Parte de la escasez también responde al comportamiento de la demanda. A medida que algunos países de Europa, América y Asia oriental van elevando sus estándares para la emisión de gases, es esperable que los vehículos nuevos requieran más rodio en sus filtros de escape. Y en países como China, la demanda de automóviles no para de crecer.

Lara Smith, fundadora del grupo de investigación del mercado minero Core Consultants, dice que si bien la escasez de rodio supera las 150.000 onzas, es probable que ese déficit siga creciendo hasta que se encuentre un sustituto o haya un vuelco masivo a los vehículos eléctricos, que no necesitan rodio.

“Hay ciertos metales que no siguen la dinámica fundamental de la oferta y la demanda, porque nadie va a instalar una mina solo para extraer el rodio”, dice Smith. “El rodio siempre se extraerá o no se extraerá en función del platino”.

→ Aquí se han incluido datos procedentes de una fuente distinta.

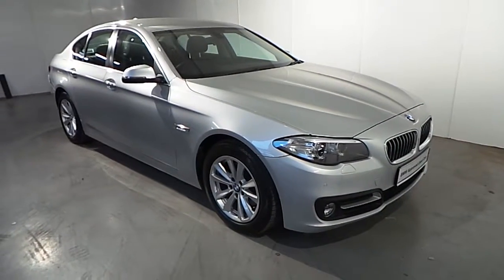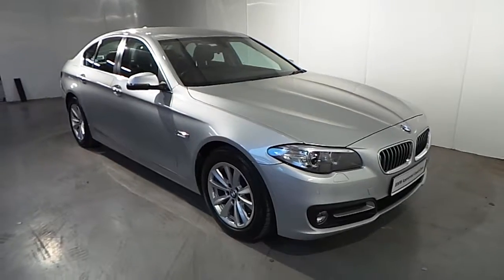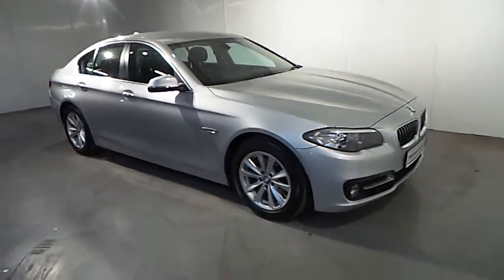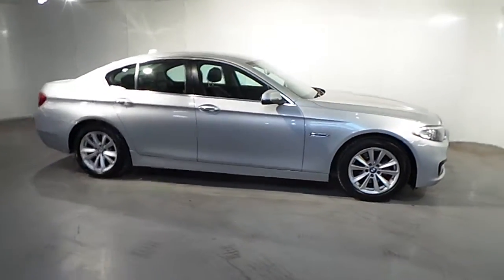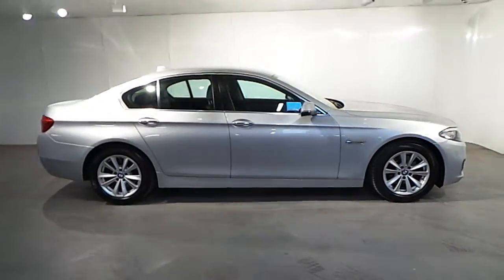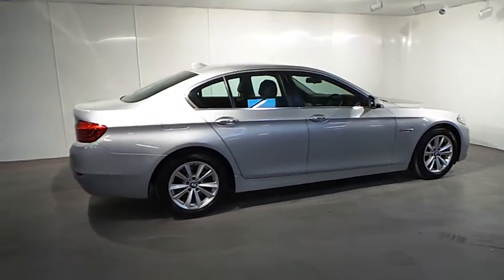Hello and welcome to Frank Keane BMW Blackrock. As part of our BMW approved used cars we have this 2014 BMW 518D SE. This car is finished in Glacier Silver Metallic and has a black Dakota leather interior.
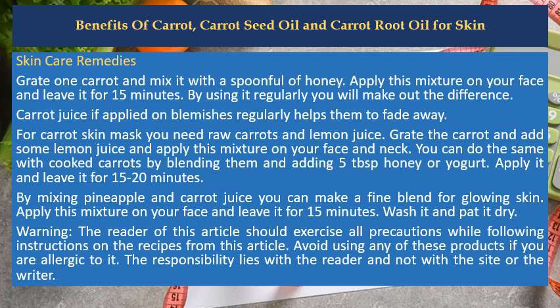Apply it and leave it for 15 to 20 minutes. By mixing pineapple and carrot juice you can make a fine blend for glowing skin. Apply this mixture on your face and leave it for 15 minutes. Wash it and pat it dry.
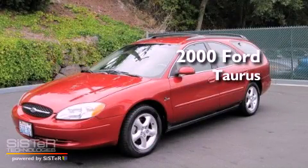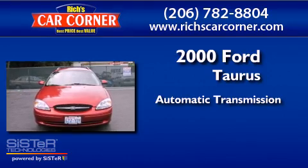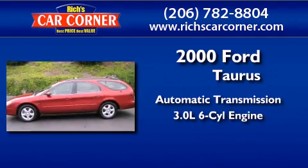This is a 2000 Ford Taurus. This four-door sedan has an automatic transmission and a 3.0-liter V6.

Y la pandemia no hizo más que profundizar la escasez. En Sudáfrica, la poca extracción de platino que quedaba se frenó del todo entre abril y noviembre, cuando el gobierno encontró la forma permitir la actividad minera sin poner en riesgo a los trabajadores. En marzo pasado, la producción también se vio interrumpida por una explosión en una gigantesca mina de platino.

Estos factores, sumados al superávit de platino y la creciente demanda de rodio, hicieron que el precio de un metal que ya era raro y costoso se fuera a las nubes. Actualmente, la industria automotriz mundial gasta decenas de miles de millones de dólares al año en metales para la fabricación de catalizadores.

“Nosotros solemos decir que el rodio es el más precioso de todos los metales. La gente recién lo nota ahora, pero realmente el rodio ha sido el commodity de mejor rendimiento de los últimos tres o cuatro años”, dice Wellsted. Y agrega que los catalizadores robados luego ingresan al mercado de la chatarra. Cada convertidor suele contener alrededor de 400 dólares en rodio, además de otros numerosos componentes.

“Es como una pandemia dentro de otra pandemia”, dice Reichenbach, el mecánico de Minneapolis. “Los Mitsubishi parecen ser el nuevo y principal objetivo de los ladrones, y quién sabe qué vendrá después”.